Do you use psionics in your games?

Do you use psionics in your game?


KarinsDad said:
Interesting.

What do you consider sound reasons? Campaign flavor only, or balance ones as well?


Btw, I voted Psionics allowed with House Rules, although this is fairly skewed. I have something like one or two house rules that define better how Psionics works with magic (with regard to Psicraft, Spellcraft, and Detect Magic/Psionics), but have about 30 house rules on the rest of the game.

My last PC was an Elan Egoist and my next PC will probably be a Warforged Egoist or Shaper. The only reason I'm playing a Psion a second time in a row (usually, I play Wizards when I'm not DMing) is because I only got one level of Illithid Slayer last time before the campaign ended and I wanted to delve further into my "Illithid Hatred" mode. :lol:

In the last two years, we have had 5 Psionic PCs out of about 18 to 20 PCs. This is a fairly high percentage.

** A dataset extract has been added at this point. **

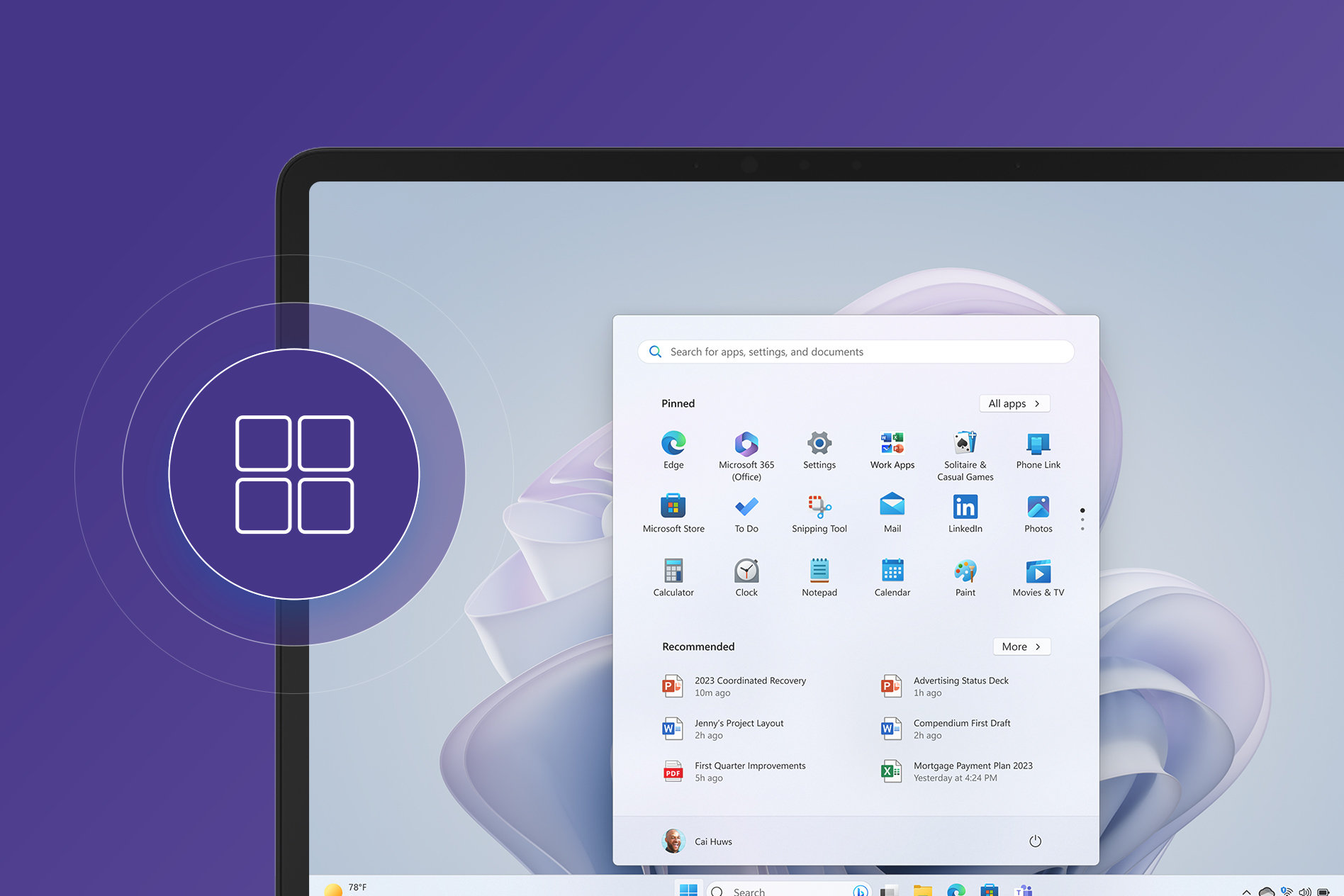 Częściowy widok urządzenia Surface Laptop Studio 2 z menu Start systemu Windows na ekranie i ikoną Asystenta przyciągania unoszącą się nad urządzeniem.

We are playing the Savage Tide campaign plot and I'm playing a Psiforged Shaper with some unusual backgrounds. I plan to take the leadership feat at 6th level and get a psionic artificer as a cohort. I took the psiforged body feat for flavor even against recomendations of other players since I wanted the flavor. The DM in fact allowed a change to add darkvision for trading out the light fortification and immunity to energy drain. Our monster crew all had darkvision except the psiforged.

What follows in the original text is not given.